◆ GOAL OF THE EXERCISE ◆
In the listing below, find the line holding "Tarım ikonları koleksiyonu." and the line holding "Factory Made Custom". Write out those two lines and all lines between, exactly, and nothing more.

◆ PROVIDED RECORDS ◆
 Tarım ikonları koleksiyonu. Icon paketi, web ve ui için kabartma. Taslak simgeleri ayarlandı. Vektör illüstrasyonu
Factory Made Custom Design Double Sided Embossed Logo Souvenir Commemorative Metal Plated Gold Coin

==

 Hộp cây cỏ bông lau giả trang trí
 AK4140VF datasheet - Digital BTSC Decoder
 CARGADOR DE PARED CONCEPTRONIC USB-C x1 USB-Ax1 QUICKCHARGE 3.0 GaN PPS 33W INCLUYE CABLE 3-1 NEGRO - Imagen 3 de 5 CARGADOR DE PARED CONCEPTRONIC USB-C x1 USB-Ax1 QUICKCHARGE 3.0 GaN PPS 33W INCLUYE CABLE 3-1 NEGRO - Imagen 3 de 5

◆ EXERCISE RESULT ◆
 Tarım ikonları koleksiyonu. Icon paketi, web ve ui için kabartma. Taslak simgeleri ayarlandı. Vektör illüstrasyonu
Factory Made Custom Design Double Sided Embossed Logo Souvenir Commemorative Metal Plated Gold Coin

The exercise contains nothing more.